Rosuvastatin treatment decreases plasma procoagulant phospholipid activity after a VTE: A randomized controlled trial

Abstract

Background: Venous thromboembolism (VTE) is a frequent cardiovascular disease with severe complications, including recurrence and death. There is a great need for alternative prophylactic treatment options as anticoagulation is accompanied by increased bleeding risk. Statins are reported to reduce the risk of incident and recurrent VTE, but the mechanisms are elusive. Procoagulant phospholipids (PPL), and phosphatidylserine in particular, are crucial for efficient coagulation activation, but no studies have investigated the effect of statin treatment on plasma PPL activity.
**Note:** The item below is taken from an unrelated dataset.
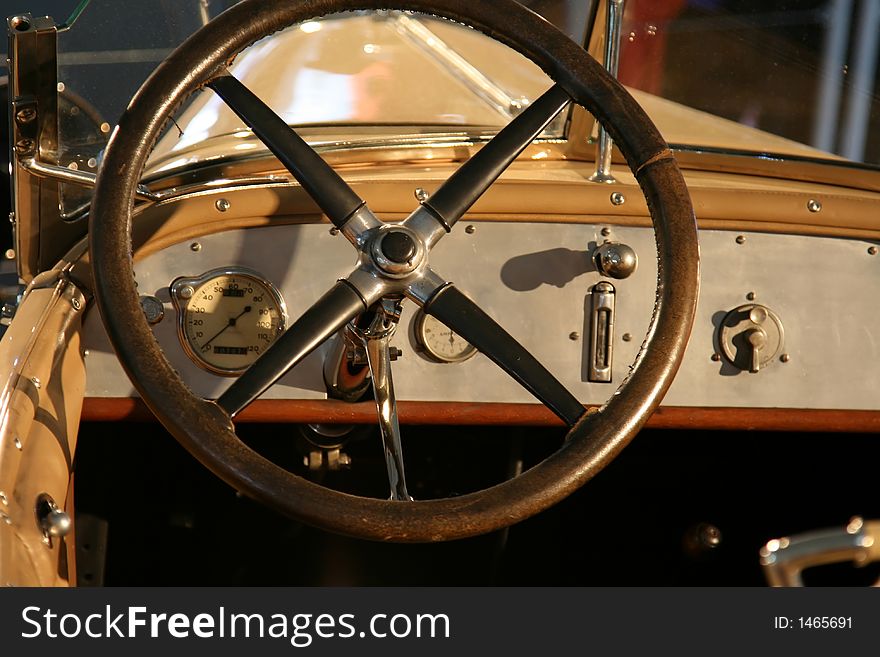 Vintage car wheel and windshield. Vintage car wheel and windshield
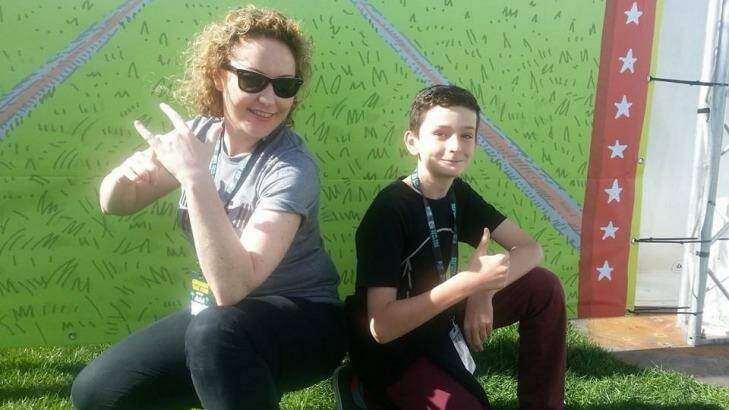 Triple j DJ Zan Rowe handed over to Canberra year six student Rhys Toms at Sunday's Groovin the Moo. Photo: Supplied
Objectives: To investigate the impact of rosuvastatin treatment on plasma PPL activity and levels of extracellular vesicles (EVs).
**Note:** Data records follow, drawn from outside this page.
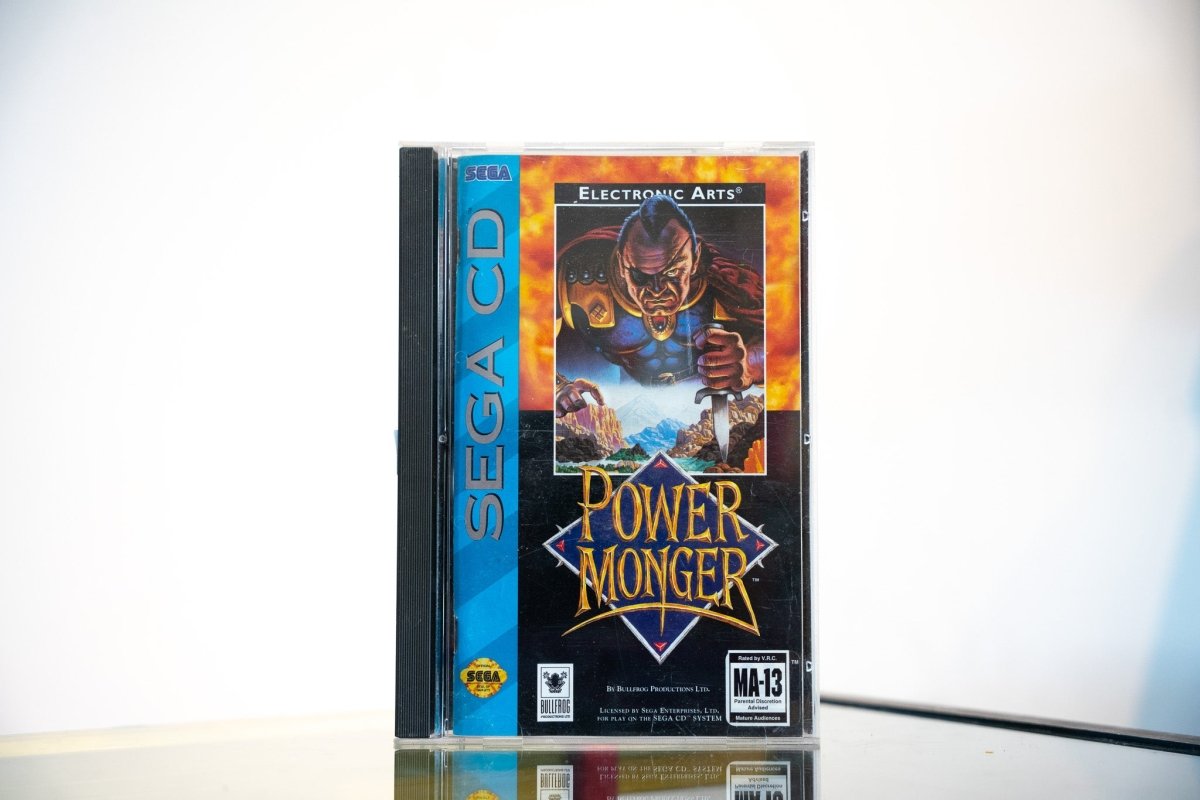Sega CD PowerMonger game complete in tall case blue spine medieval warlord armor sword village landscape gold POWER MONGER text Electronic Arts Bullfrog MA-13
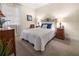 Comfortable bedroom featuring a cozy bed and soft, natural lighting at 10521 Amberjack Way # 303, Englewood, FL 34224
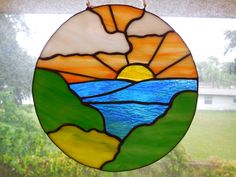 a round stained glass window with the sun setting over a lake and mountains in it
Patients/methods: Patients with a history of VTE (≥18 years) allowed to stop anticoagulant treatment were randomized to either 20 mg/day of rosuvastatin treatment or no treatment for 28 days in the Statins Reduce Thrombophilia (NCT01613794) trial. Plasma samples were collected at baseline and study end. PPL activity was measured in samples from 245 participants using a factor Xa-dependent clotting assay and EV levels by flow cytometry.

Results: Rosuvastatin treatment yielded an overall 22% (95% confidence interval [CI] -38.2 to -5.8) reduction in PPL activity, and 37% (95% CI -62.9 to -11.2) reduction in PPL activity in participants with a history of pulmonary embolism. The effect of rosuvastatin on plasma PPL activity was not explained by changes in total cholesterol nor change in levels of total- or platelet-derived EVs.

Conclusions: Rosuvastatin treatment caused a substantial decrease in plasma PPL activity, suggesting that a PPL-dependent attenuation of coagulation activation may contribute to a reduced VTE risk following statin treatment.

Keywords: blood clotting; extracellular vesicles; phosphatidylserines; rosuvastatin; venous thromboembolism.